Activity:
Once you find the line containing "#EuDevia te dizer", output it and every line after it to the end of the records, exactly.
*** Available data ***
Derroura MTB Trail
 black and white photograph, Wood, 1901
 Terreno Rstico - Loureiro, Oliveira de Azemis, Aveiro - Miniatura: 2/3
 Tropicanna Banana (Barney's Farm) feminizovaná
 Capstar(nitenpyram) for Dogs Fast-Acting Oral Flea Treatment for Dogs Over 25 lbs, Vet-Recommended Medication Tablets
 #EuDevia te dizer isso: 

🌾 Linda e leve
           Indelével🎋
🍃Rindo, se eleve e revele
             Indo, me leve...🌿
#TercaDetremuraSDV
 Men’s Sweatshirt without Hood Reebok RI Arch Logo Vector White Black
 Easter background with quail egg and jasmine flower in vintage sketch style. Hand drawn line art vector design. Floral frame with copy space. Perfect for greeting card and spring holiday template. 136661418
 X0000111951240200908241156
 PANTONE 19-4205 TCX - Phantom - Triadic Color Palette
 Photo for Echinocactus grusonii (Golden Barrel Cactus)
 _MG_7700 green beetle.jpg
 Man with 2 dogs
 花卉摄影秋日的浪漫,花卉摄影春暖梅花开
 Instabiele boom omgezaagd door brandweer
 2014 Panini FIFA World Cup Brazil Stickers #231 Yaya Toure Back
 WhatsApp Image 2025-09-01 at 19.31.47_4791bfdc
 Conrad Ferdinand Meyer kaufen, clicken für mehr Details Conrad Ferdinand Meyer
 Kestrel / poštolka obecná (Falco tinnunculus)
*** End of Available data ***
Exercise response:
 #EuDevia te dizer isso: 

🌾 Linda e leve
           Indelével🎋
🍃Rindo, se eleve e revele
             Indo, me leve...🌿
#TercaDetremuraSDV
 Men’s Sweatshirt without Hood Reebok RI Arch Logo Vector White Black
 Easter background with quail egg and jasmine flower in vintage sketch style. Hand drawn line art vector design. Floral frame with copy space. Perfect for greeting card and spring holiday template. 136661418
 X0000111951240200908241156
 PANTONE 19-4205 TCX - Phantom - Triadic Color Palette
 Photo for Echinocactus grusonii (Golden Barrel Cactus)
 _MG_7700 green beetle.jpg
 Man with 2 dogs
 花卉摄影秋日的浪漫,花卉摄影春暖梅花开
 Instabiele boom omgezaagd door brandweer
 2014 Panini FIFA World Cup Brazil Stickers #231 Yaya Toure Back
 WhatsApp Image 2025-09-01 at 19.31.47_4791bfdc
 Conrad Ferdinand Meyer kaufen, clicken für mehr Details Conrad Ferdinand Meyer
 Kestrel / poštolka obecná (Falco tinnunculus)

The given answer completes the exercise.